--- Raw data Enclosed Below ---

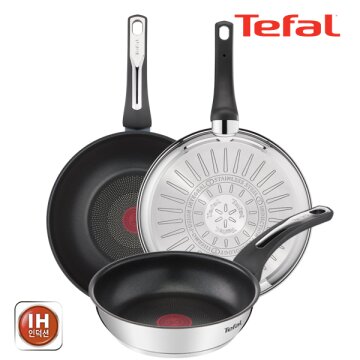 테팔 팬&냄비 인덕션 스테인리스 스틸 뉴 이모션 3종세트 (프라이팬 20cm + 28cm + 볶음팬 28cm)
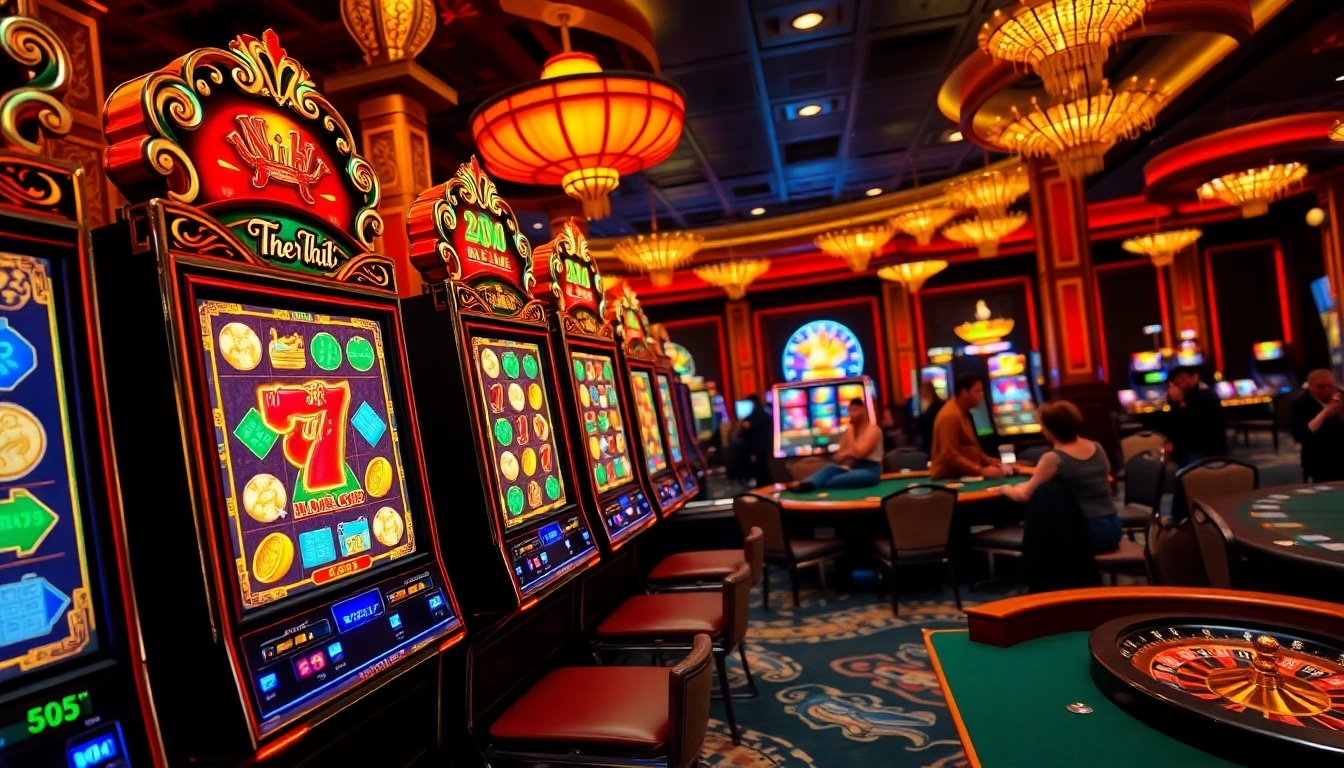 Nổ hũ themed slot machine attracting players in a vibrant casino environment
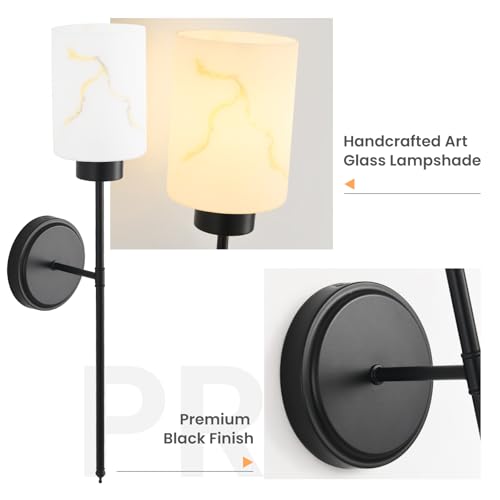 Image of Black Wall Sconces Set of 2 with Marble Glass Shade, Modern Bathroom Vanity Light Fixtures for Bedroom, Hallway, Entryway, Living Room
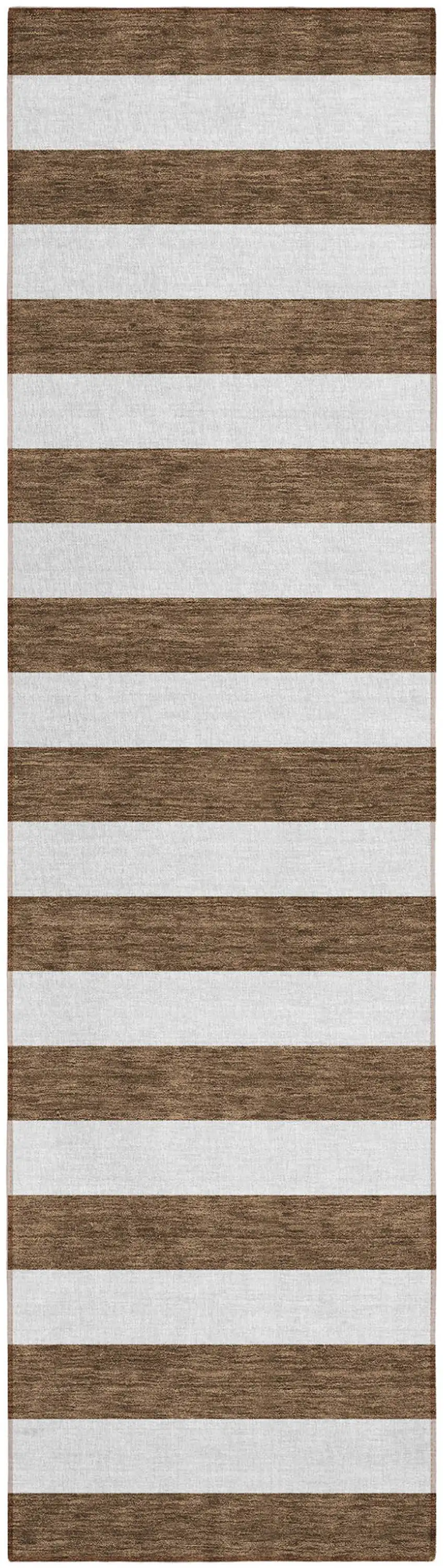 Chocolate Striped Washable Non Skid Indoor Outdoor Runner Rug Photo 2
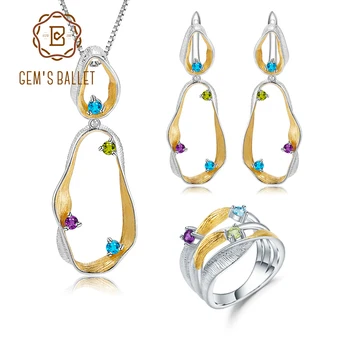 価格 Gem'sバレエ天然トパーズアメジストペリドットツイストジュエリーセット 925 スターリングシルバー手作りリングイヤリングペンダントセット女性のための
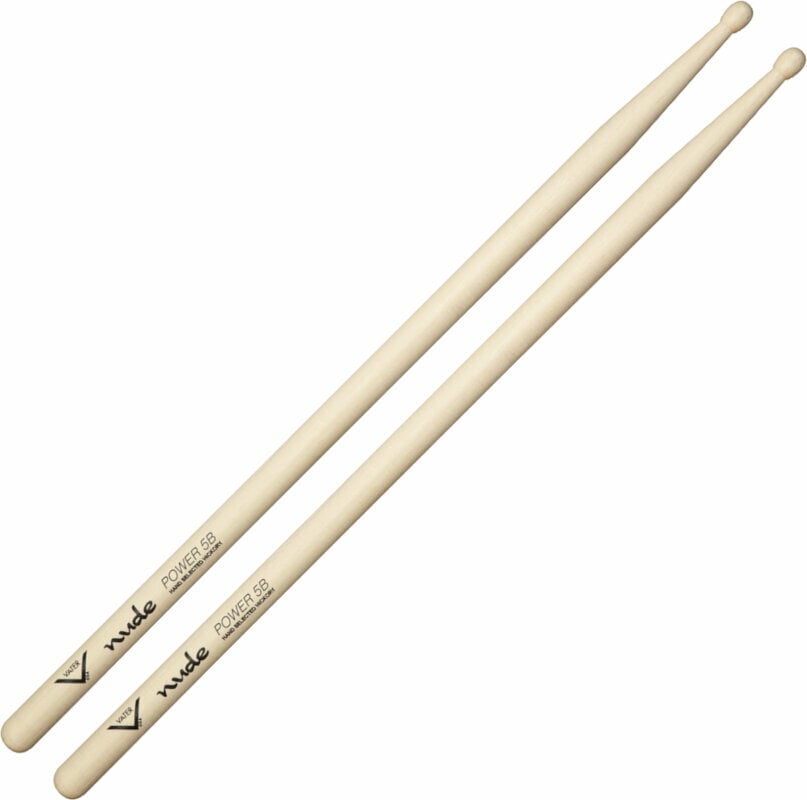 Drumsticks Vater VHNP5BW Nude Series Power 5B Wood Tip Drumsticks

--- End of Enclosed Raw data ---

### [What you are asked to do]
Repeat the material exactly. Skip the images.

### [Answer to this task]
 테팔 팬&냄비 인덕션 스테인리스 스틸 뉴 이모션 3종세트 (프라이팬 20cm + 28cm + 볶음팬 28cm)
 Nổ hũ themed slot machine attracting players in a vibrant casino environment
 Image of Black Wall Sconces Set of 2 with Marble Glass Shade, Modern Bathroom Vanity Light Fixtures for Bedroom, Hallway, Entryway, Living Room
 Chocolate Striped Washable Non Skid Indoor Outdoor Runner Rug Photo 2
 価格 Gem'sバレエ天然トパーズアメジストペリドットツイストジュエリーセット 925 スターリングシルバー手作りリングイヤリングペンダントセット女性のための
 Drumsticks Vater VHNP5BW Nude Series Power 5B Wood Tip Drumsticks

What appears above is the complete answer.